Baru sedikit yang dilakukan untuk menampilkan sejarah pemikiran ekonomi Islam. Hal ini tidak menguntungkan karena sepanjang sejarah Islam para pemikir dan pemimpin politik muslim sudah mengembangkan gagasan-gagasan ekonomik mereka sedemikian rupa sehingga mengharuskan kita untuk menganggap mereka sebagai para pencetus ekonomi Islam yang sebenarnya. Penelitian diperlukan untuk menampilkan pemikiran ekonomi dari para pemikir besar Islam seperti Abu Yusuf (meninggal th. 182 H), Yahya bin Adam (meninggal th. 303 H), al-Gazali (meninggal tahun 505 H), Ibnu Rusyd (meninggal th. 595 H), al-'Izz bin 'Abd al-Salam (meninggal th. 660 H), al-Farabi (meninggal th. 339 H), Ibnu Taimiyyah (meninggal th. 728 H), al-Maqrizi (meninggal th. 845 H), Ibnu Khaldun (meninggal th. 808 H), dan banyak lainnya lagi.
Kajian tentang sejarah pemikiran ekonomi dalam Islam seperti itu akan membantu menemukan sumber-sumber pemikiran ekonomi Islam kontemporer, di satu pihak dan di pihak lain, akan memberi kemungkinan kepada kita untuk mendapatkan pemahaman yang lebih baik mengenai perjalanan pemikiran ekonomi Islam selama ini.
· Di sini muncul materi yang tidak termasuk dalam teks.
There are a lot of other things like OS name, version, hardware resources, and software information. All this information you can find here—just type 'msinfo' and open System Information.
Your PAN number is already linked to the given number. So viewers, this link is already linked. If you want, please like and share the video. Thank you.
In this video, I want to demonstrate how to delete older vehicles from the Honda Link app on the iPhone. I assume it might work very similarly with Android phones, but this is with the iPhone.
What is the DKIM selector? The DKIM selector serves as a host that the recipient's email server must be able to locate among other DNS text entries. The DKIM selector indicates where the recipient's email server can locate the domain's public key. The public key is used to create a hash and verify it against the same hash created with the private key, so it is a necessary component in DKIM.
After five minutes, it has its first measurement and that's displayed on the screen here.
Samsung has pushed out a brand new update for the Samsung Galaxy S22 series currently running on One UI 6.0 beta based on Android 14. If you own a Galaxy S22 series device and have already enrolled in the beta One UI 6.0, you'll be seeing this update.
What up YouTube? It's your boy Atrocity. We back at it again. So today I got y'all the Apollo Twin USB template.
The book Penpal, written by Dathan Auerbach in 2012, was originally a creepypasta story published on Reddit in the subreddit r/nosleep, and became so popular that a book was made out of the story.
Kedua-duanya akan memperkaya ekonomi Islam kontemporer dan membuka jangkauan lebih luas bagi konseptualisasi dan aplikasinya.
Kajian terhadap perkembangan historik ekonomi Islam itu merupakan ujian-ujian empirik yang diperlukan bagi setiap gagasan ekonomi. Ini memiliki arti sangat penting, terutama dalam bidang kebijakan ekonomi dan keuangan negara. Namun peringatan terhadap adanya dua bahaya perlu dikemukakan bila aspek historik Islam itu diteliti. Pertama, bahaya kejumbuhan antara teori dengan aplikasi-aplikasinya, dan kedua, pembatasan teori dengan sejarahnya. Bahaya pertama muncul ketika para pemikir ekonomi Muslim modem tidak membedakan secara jelas antara konsepsi Islam dan aplikasi-aplikasi historiknya.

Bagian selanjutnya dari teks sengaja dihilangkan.